* [TASK DESCRIPTION]:
An exact copy of the entries, with every picture omitted, is what is needed here.

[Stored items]
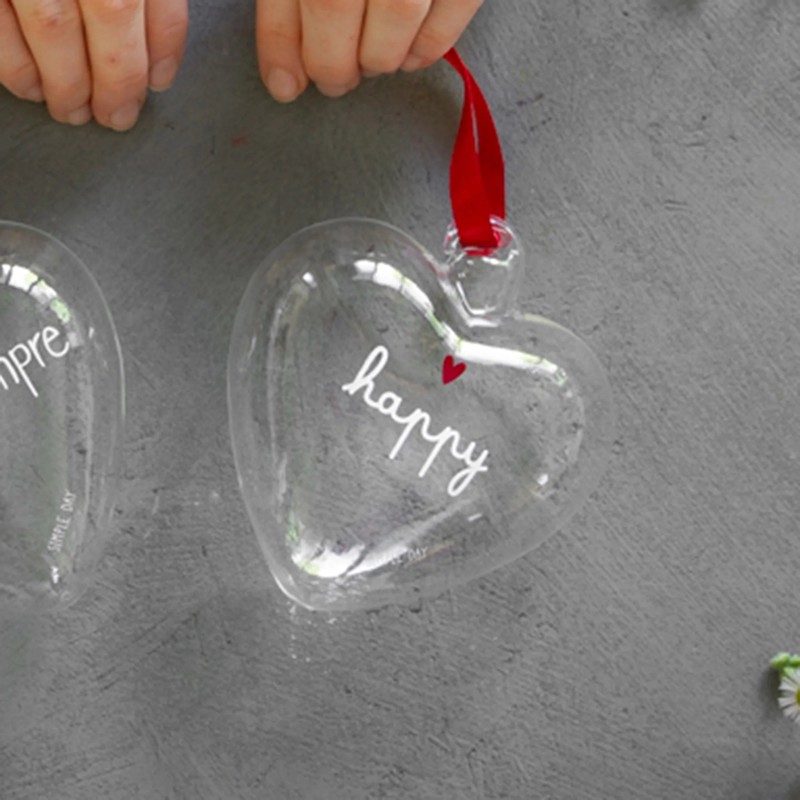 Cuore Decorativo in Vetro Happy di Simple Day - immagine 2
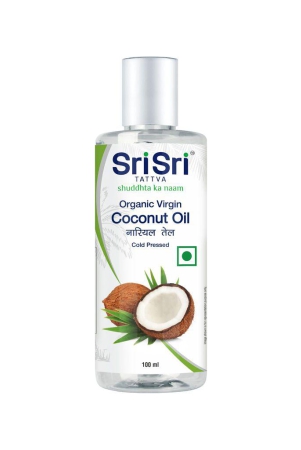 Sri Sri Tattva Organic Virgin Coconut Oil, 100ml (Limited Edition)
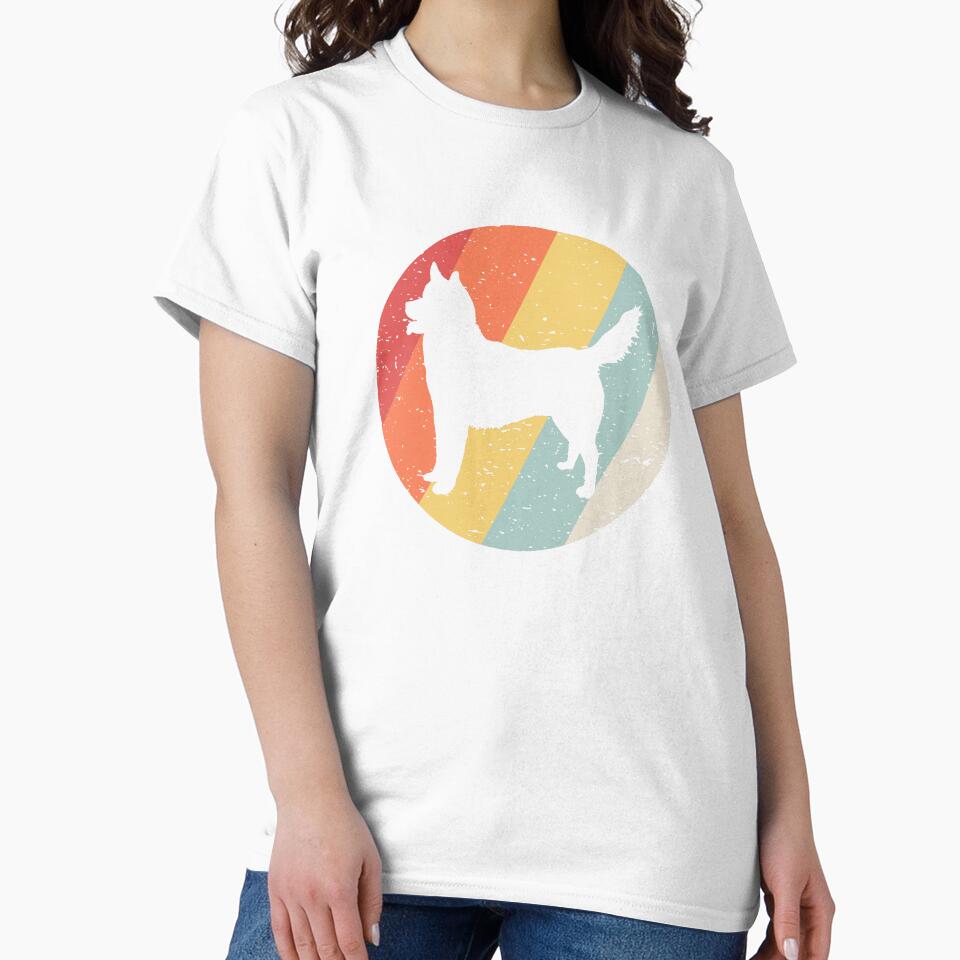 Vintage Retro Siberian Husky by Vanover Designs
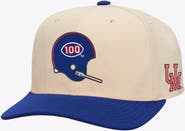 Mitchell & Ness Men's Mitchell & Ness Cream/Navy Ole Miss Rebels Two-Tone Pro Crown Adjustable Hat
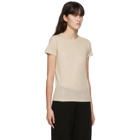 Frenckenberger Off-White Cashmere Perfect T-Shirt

* [SOLUTION TO THIS PROBLEM]:
 Cuore Decorativo in Vetro Happy di Simple Day - immagine 2
 Sri Sri Tattva Organic Virgin Coconut Oil, 100ml (Limited Edition)
 Vintage Retro Siberian Husky by Vanover Designs
 Mitchell & Ness Men's Mitchell & Ness Cream/Navy Ole Miss Rebels Two-Tone Pro Crown Adjustable Hat
 Frenckenberger Off-White Cashmere Perfect T-Shirt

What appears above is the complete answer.